Chase Lane lot cleanup progressing very slowly

Dec 13 2011 - 12:04am

CENTERVILLE -- Cleanup of the much-talked-about Chase Lane property is slowly progressing as safety concerns are eliminated, but the building is still considered dangerous.

This enforcement matter was the subject of four meetings in September and October, though the issue goes back even further.

The property at 85 E. Chase Lane has been the subject of much discussion because officials say it has been an eyesore and safety hazard for some time, with unfinished structures that were deemed "dangerous."

On May 27, the city sent to the owner, and anyone holding an interest in the property, a notice and order to repair or demolish the buildings on the property.

Notice was sent to all involved parties informing them of the intent to either clean or demolish the property, thus terminating the dangerous building certificate.
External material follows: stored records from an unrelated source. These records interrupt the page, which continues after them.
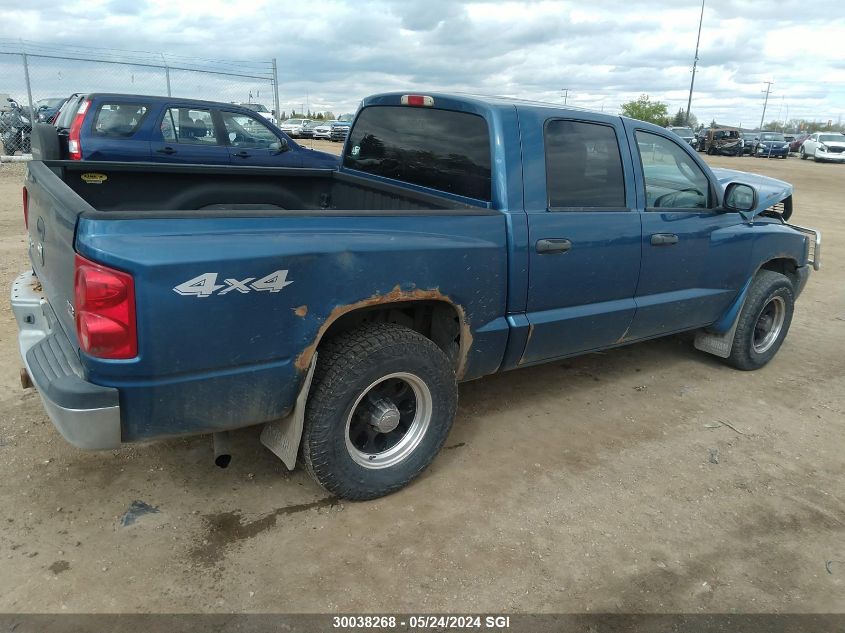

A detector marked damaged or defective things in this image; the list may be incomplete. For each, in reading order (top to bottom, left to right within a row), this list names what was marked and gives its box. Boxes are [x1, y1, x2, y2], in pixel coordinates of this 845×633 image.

rust spot on fender [294, 288, 472, 380] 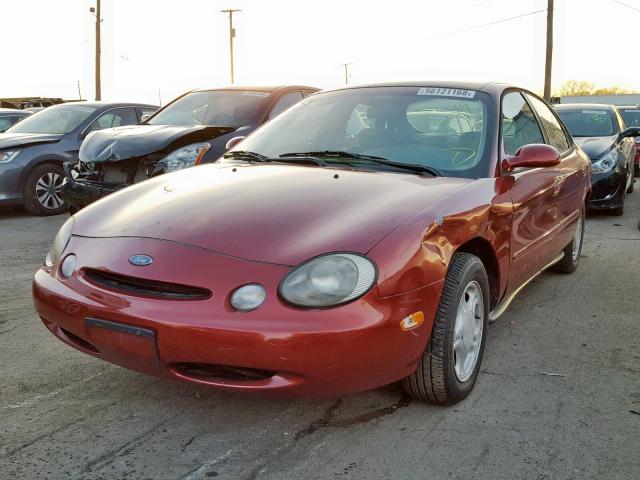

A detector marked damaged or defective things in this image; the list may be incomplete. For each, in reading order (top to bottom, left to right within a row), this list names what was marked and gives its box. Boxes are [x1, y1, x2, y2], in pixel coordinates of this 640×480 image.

damaged gray car [62, 86, 318, 210]
cracked asphalt [1, 189, 640, 478] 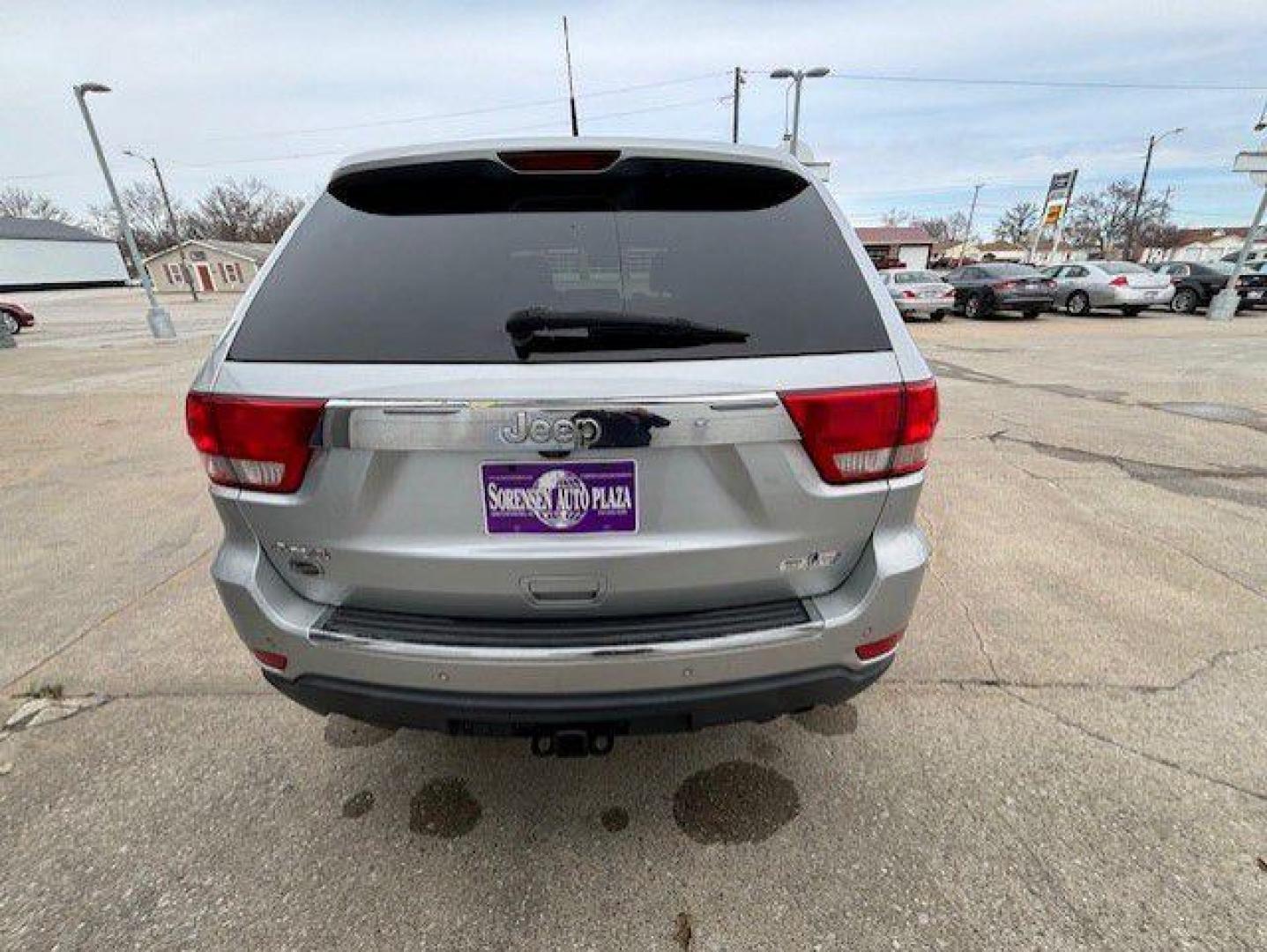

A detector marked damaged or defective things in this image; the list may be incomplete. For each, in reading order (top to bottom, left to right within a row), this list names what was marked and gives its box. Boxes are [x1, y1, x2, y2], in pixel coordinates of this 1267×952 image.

cracked asphalt pavement [0, 292, 1262, 952] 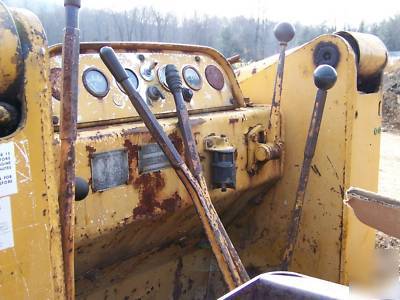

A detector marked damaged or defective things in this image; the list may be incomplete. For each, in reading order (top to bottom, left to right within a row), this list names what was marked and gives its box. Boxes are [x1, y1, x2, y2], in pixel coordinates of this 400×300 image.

rusted metal surface [57, 1, 80, 298]
rusty dashboard panel [50, 42, 244, 126]
rusted metal surface [100, 47, 250, 290]
rusted metal surface [282, 67, 334, 270] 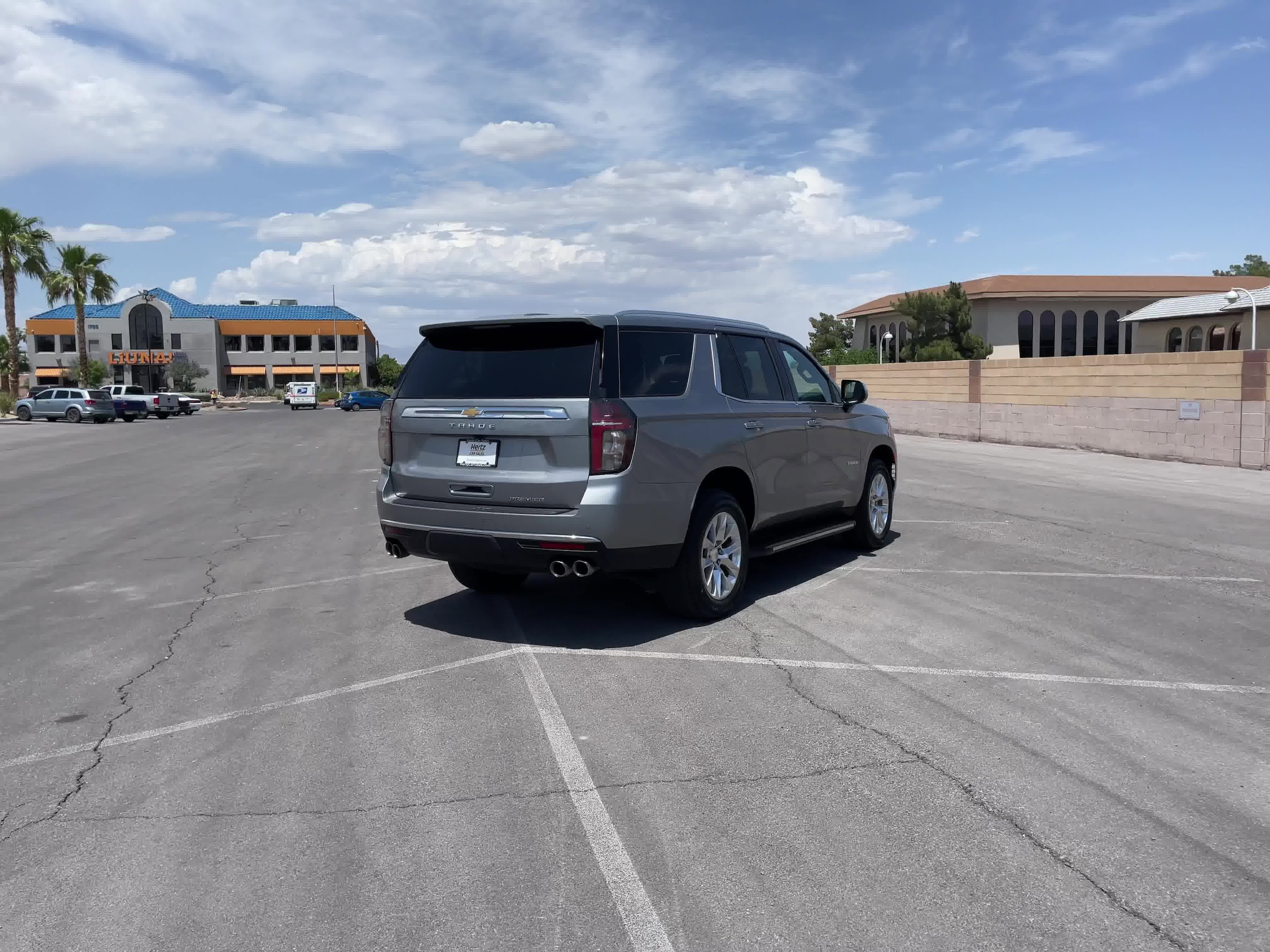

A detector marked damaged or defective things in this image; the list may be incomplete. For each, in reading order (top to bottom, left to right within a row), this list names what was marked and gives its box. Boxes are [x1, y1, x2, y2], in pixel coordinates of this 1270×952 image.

asphalt crack [732, 605, 1187, 946]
It also stated that a lien will be placed on the property for reimbursement of any associated costs.

Since then, the city has made efforts to move this forward by approving a bid to clean up the property.
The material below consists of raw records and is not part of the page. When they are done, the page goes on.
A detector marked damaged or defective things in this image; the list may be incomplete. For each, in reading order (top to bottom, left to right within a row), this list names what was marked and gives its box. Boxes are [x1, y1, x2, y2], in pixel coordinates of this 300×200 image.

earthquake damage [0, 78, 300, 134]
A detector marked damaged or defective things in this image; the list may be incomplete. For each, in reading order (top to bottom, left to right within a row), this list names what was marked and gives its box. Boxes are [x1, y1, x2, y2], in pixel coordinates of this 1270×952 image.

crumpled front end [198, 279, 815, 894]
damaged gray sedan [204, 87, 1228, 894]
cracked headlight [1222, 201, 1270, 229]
Specifically, officials say the property has a significant amount of junk, trash, debris, garbage, construction materials, boulders, lumber, metal scraps, weeds and abandoned or discharged objects that need to be cleaned up. This violates city code, making the property unsafe and a nuisance.

Now, the county has a new owner on record, Lewis Jones LC. Assistant City Manager Blaine Lutz said the new owner has been notified of the remaining violations. The city has not yet verified if all the required improvements have been completed for the property to no longer be considered hazardous, he added.

Councilman Paul Cutler said if the improvements are made, the building will no longer be considered hazardous, just dangerous.

"That just means it's not an immediate danger," he said, noting it is boarded up so no one can get in. "It can be in that state for a period of time."

However, he said, the city wants to get this issue resolved as soon as possible.

"It's hard to balance the private property rights of the owner and the safety of the community," he said. "But this property is an eyesore that needs to get cleaned up."